• **Exercise details**:
Please reproduce the data exactly, though every picture must stay out.

::: Recorded information

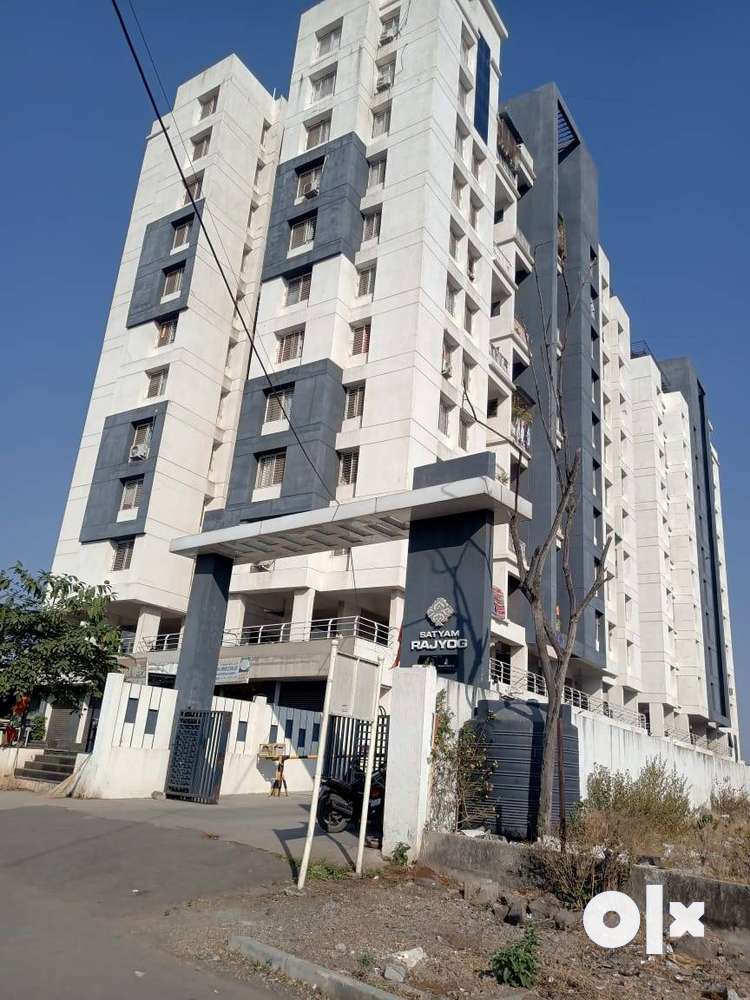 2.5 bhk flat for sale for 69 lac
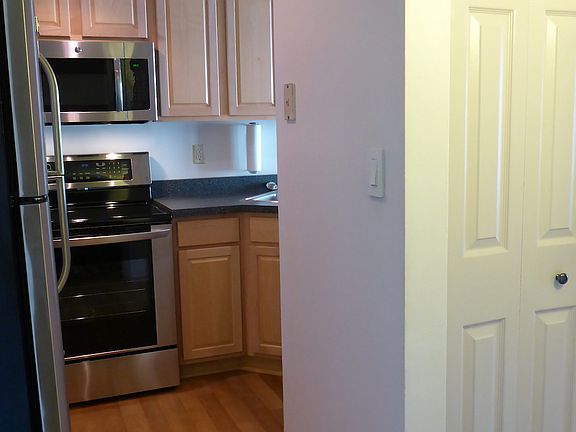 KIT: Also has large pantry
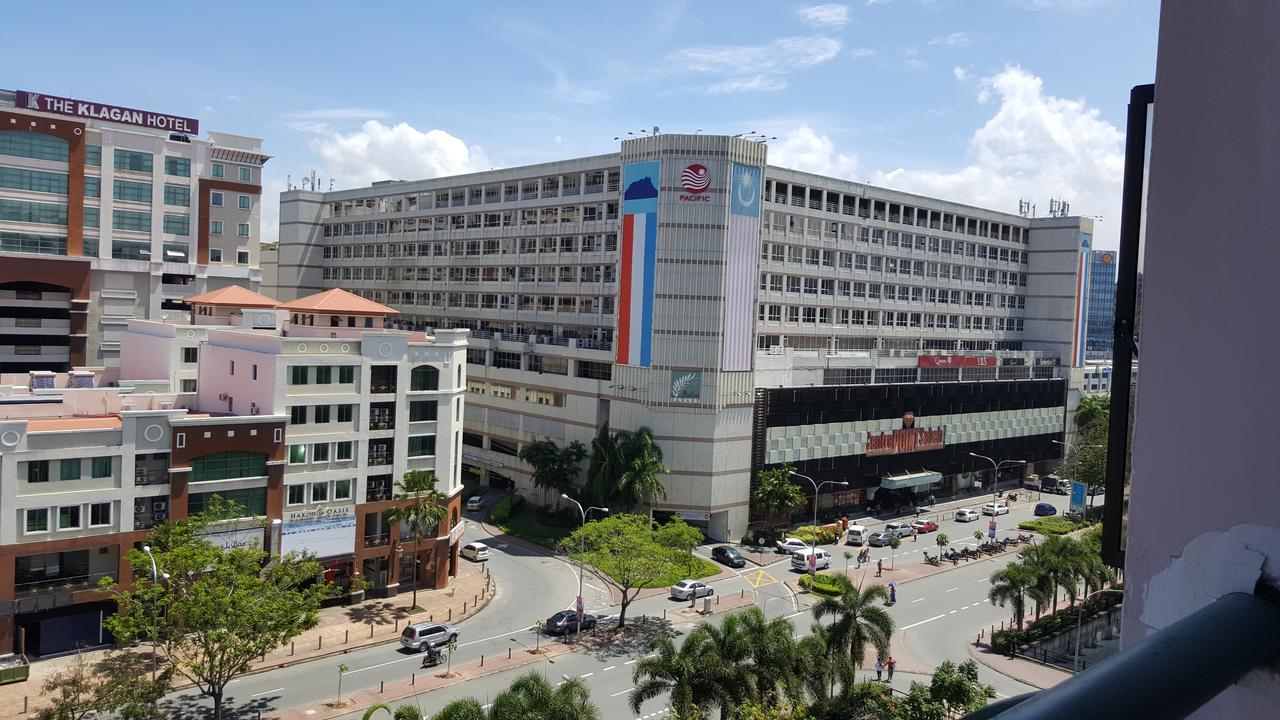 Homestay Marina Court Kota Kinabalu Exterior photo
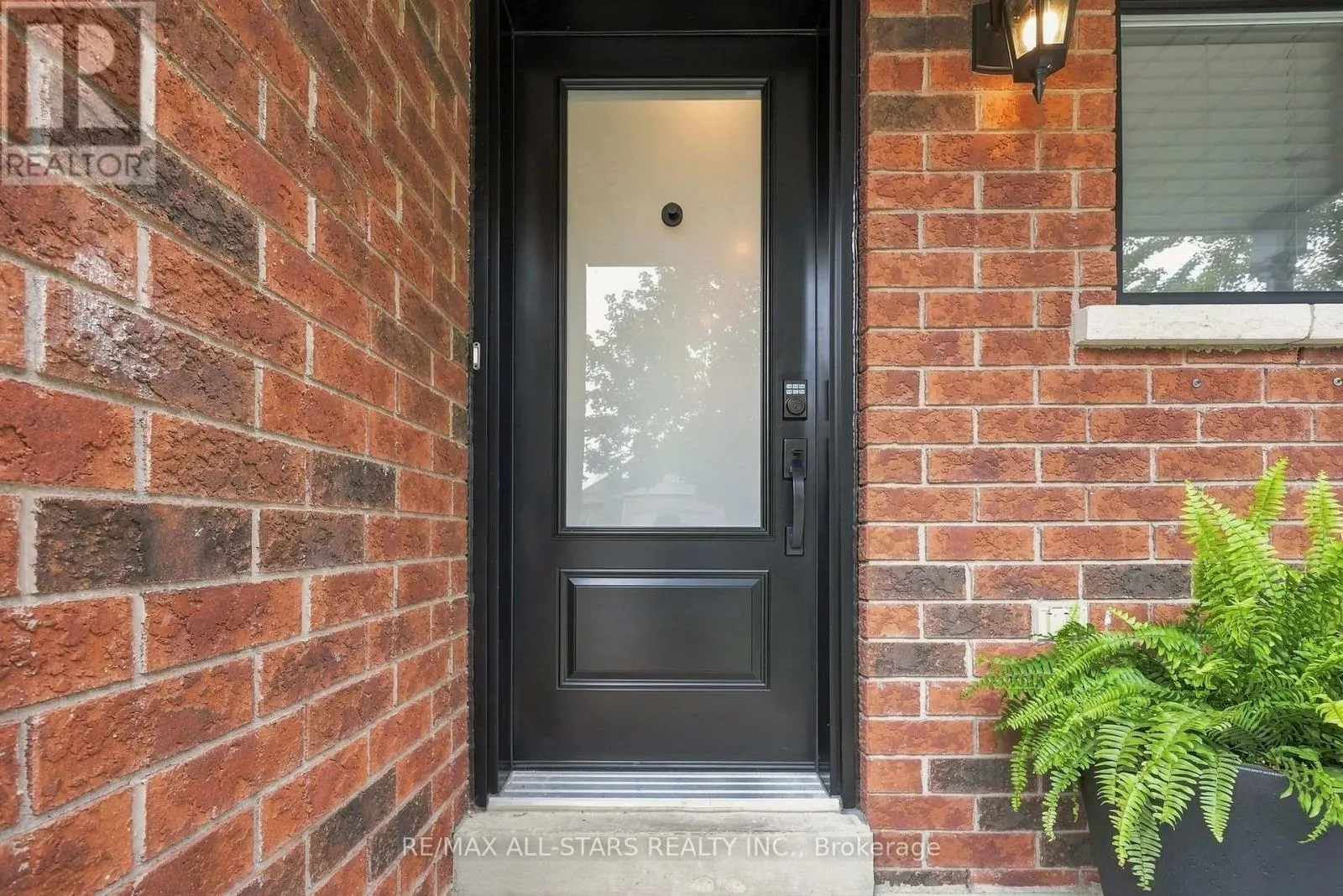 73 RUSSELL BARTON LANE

::::::

• **Task output**:
 2.5 bhk flat for sale for 69 lac
 KIT: Also has large pantry
 Homestay Marina Court Kota Kinabalu Exterior photo
 73 RUSSELL BARTON LANE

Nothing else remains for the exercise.